Cornel West switches parties again, and other campaign trail takeaways
Cornel West had previously sought the Green Party's nomination.
Progressive activist Cornel West switched parties for the second time as he wages a third-party presidential campaign.
West is planning to run as an independent for president, ditching the Green Party, which has a more formalized infrastructure to gain access to the ballot, shifting the calculus of how much of a threat he poses to snatch votes away from President Joe Biden next year.
Meanwhile, GOP rabble-rouser Rep. Matt Gaetz, Fla., hinted he intends to stay in the House for the while.
Here's what you need to know from the campaign trail.
Third ticket's the charm
West, a left-wing academic with a broad following on the Democratic Party's fringe, said he would run as an independent Thursday rather than compete for the Green Party's nomination.
West's campaign explained the switch by pointing to the process for winning the party nod rather than just running as an independent and gaining access to ballots on his own.
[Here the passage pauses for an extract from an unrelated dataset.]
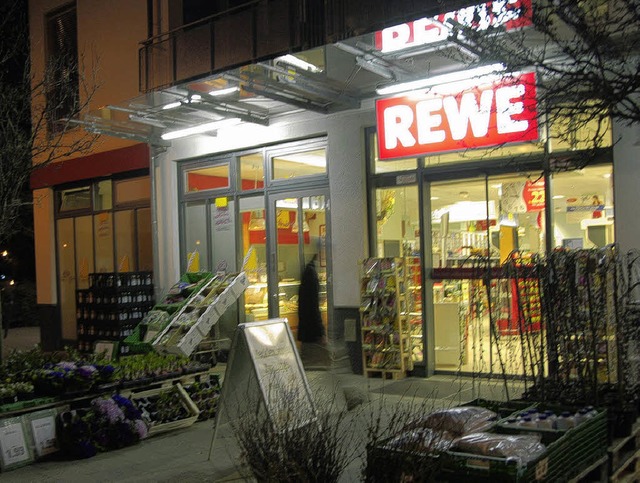 Der  Rewe-Markt mchte gerne erweitern &#8211; auf der Sportplatzwiese.    | Foto: Vl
"Democracy means more choices, not backroom deals; it means freedom to vote your conscience without being shamed or bullied. As Dr. West's campaign for president grows, he believes the best way to challenge the entrenched system is by focusing 100% on the people, not on the intricacies of internal party dynamics," West's campaign said in a statement.
West had previously been running for the nomination of the relatively unknown People's Party before moving over to the Green Party, a shift he attributed at least in part to the Green Party's more robust ballot access infrastructure.
Switching to campaign as an independent, though, would appear to run counter to that thinking, given that the Green Party would offer West an easier path to earning a place on several states' ballots, while running as an independent means he would have to go through the process of qualifying for the ballot in every state and territory on his own.
However, the move is likely welcome news for Democrats, who are biting their nails over whether a third-party bid by someone with West's name recognition could peel off liberal voters from Biden next year.
Gaetz not moving out of the House
Gaetz, who earned the enmity of many of his GOP colleagues by engineering the ouster of former Speaker Kevin McCarthy, R-Calif., this week, swatted away speculation that he has his eyes set on the governor's mansion in Florida in 2026.
"I'm not running for governor," he told CBS News Miami. "I'm exactly where I'm supposed to be. I'm doing exactly what I'm supposed to be doing."
To be sure, lawmakers often say they're not running for offices that they end up competing for, and there's a long time for Gaetz to possibly change his mind. But Gaetz's comments come as speculation reaches a boiling point that his offensive against McCarthy was intended in part to raise his name recognition in an effort to move his office from Washington to Tallahassee.
Current Gov. Ron DeSantis, who is seeking the Republican presidential nomination, would be barred from running for reelection in 2026 due to term limits.
GOP candidates migrate to new attack line
Republican presidential candidates launched political attacks on the White House after it was announced that the Biden administration would waive 26 federal laws to allow border wall construction in Starr County, Texas.
"I will await his apology!" Trump wrote on his Truth Social platform.
"Well, isn't that interesting?" DeSantis asked an Iowa radio host Thursday before touting his own plan for mass-deportations of undocumented immigrants.
Biden has lambasted a border wall and maintained Thursday that he had no choice but to approve the border wall construction after funds for it were appropriated by Congress.
Pence reaches for 20% -- in spending
Former Vice President Mike Pence, who is polling in the single digits in the GOP presidential primary, announced Thursday he would work to pass a constitutional amendment limiting spending to one-fifth of the economy.
Under Pence's proposal, the amendment could only be waived by a declaration of war or by a two-thirds congressional vote.
"Because of Bidenomics, American families are forced to tighten their purse strings. It's not too much to ask our federal government to do the same," Pence said in a statement. "As President, I will break this relentless break-the-bank cycle and usher in a new era of fiscal responsibility in our nation’s capital. I will work with Congress to set a cap on federal spending at one-fifth of our nation’s economy. No more runaway spending and no more fiscal freefall."
It is highly unlikely that the push would go anywhere if Pence ended up in the White House, but the plan appears to be part of an effort to bolster his conservative bona fides.